Pennsylvania's Daniel's Law increases penalties for texting while driving that leads to crashes causing death or serious injury.
Pennsylvania's Daniel's Law increases penalties for texting while driving that leads to crashes causing death or serious injury.

Pennsylvania Gov. Tom Wolf has signed into law a bill that increases penalties for drivers whose texting behind the wheel leads to crashes that involve serious injury or death.

The law provides that a driver whose texting causes a fatal crash can receive an extra five years behind bars. If texting-related distraction leads to a crash that causes serious injury, an additional two years can be added to the sentence.

State legislators passed the bill, dubbed Daniel’s Law, partly in response to a 2013 fatal crash that killed volunteer firefighter Daniel E. Gallatin in Hickory Township, north of Pittsburgh. The distracted driver who struck Gallatin’s motorcycle, Laura E. Gargiulo, served just 60 days in jail — a sentence that inspired legislative efforts to toughen penalties for texting while driving.

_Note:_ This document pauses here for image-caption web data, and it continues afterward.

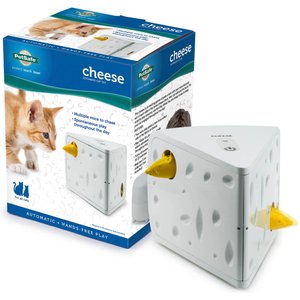 PetSafe Cheese Motion Cat Toy
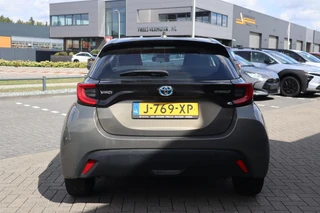 Toyota Yaris 1.5 HYBRID DYNAMIC LED LMV-16" APPLE/ANDROID KEYLESS NAVI ALL-SEASON DEALER ONDERHOUDEN / 5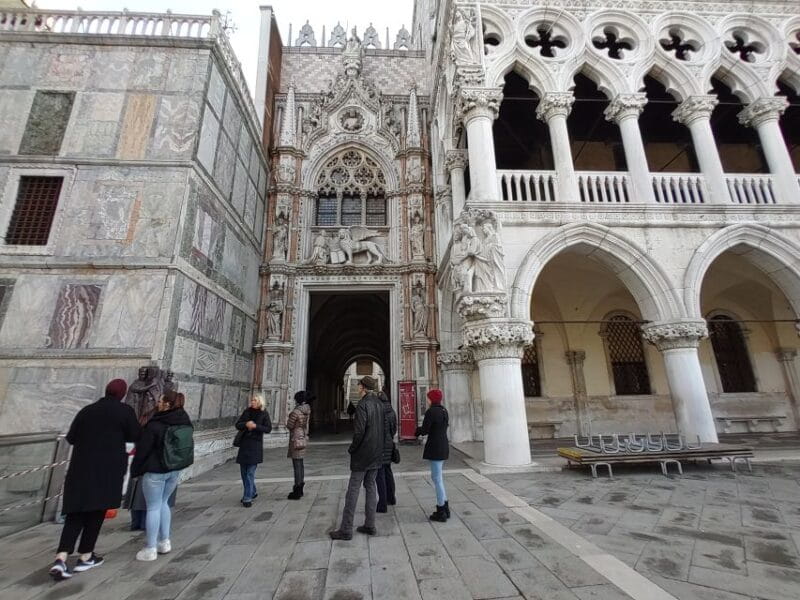 Venice: Doge's Palace Guided Tour with Optional Gondola Ride - The Optional Gondola Ride: A Romantic Touch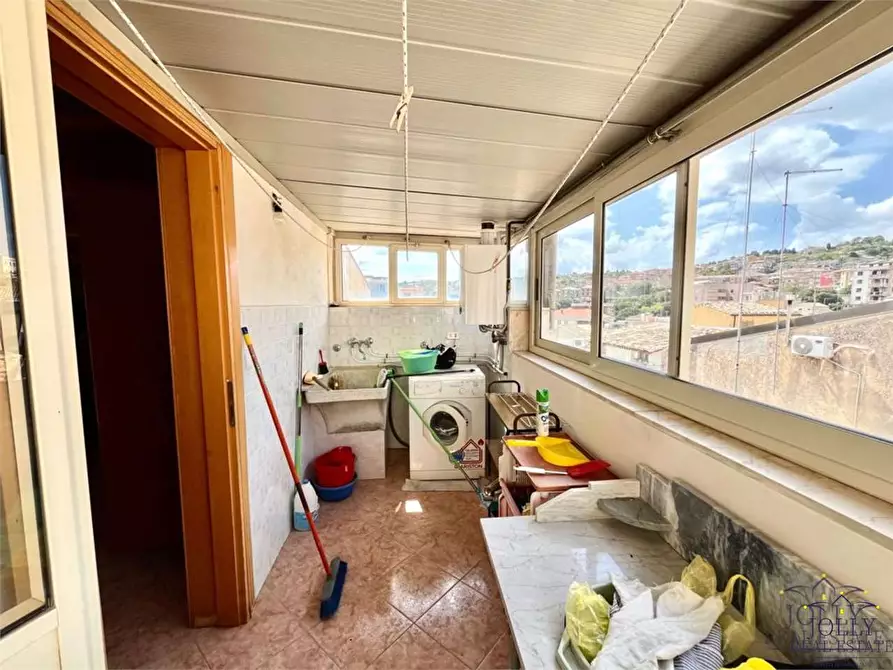 Immagine 34 di Stabile in vendita  in G. Iudica a Palazzolo Acreide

After obtaining a search warrant, police located an open text message on Gargiulo’s phone that corresponded with the time of the collision, according to an Associated Press report.

Gallatin’s heirs have filed a lawsuit against Gargiulo, her husband Joseph, their landscaping firm because it owned the SUV that she was driving, and Timothy J. Fend, the landscaping firm’s employee who had sent the text.

According to the Washington Post, the suit is especially noteworthy because it’s testing the legal theory that the text sender shares some responsibility for the crash because he knew or should have known that Gargiulo was operating a vehicle at the time he sent the text.

When contacted by the newspaper, Fend’s lawyer dismissed the lawsuit’s arguments as illogical. Attorney Michael E. Lang argued that Fend didn’t really know whether Gargiulo was driving at the time, and she was the one who decided when to read the text. Additionally, Lang said, it’s unknown whether Gargiulo actually viewed the text while she was driving. The evidence only shows that she opened the text around the time of the crash, he said.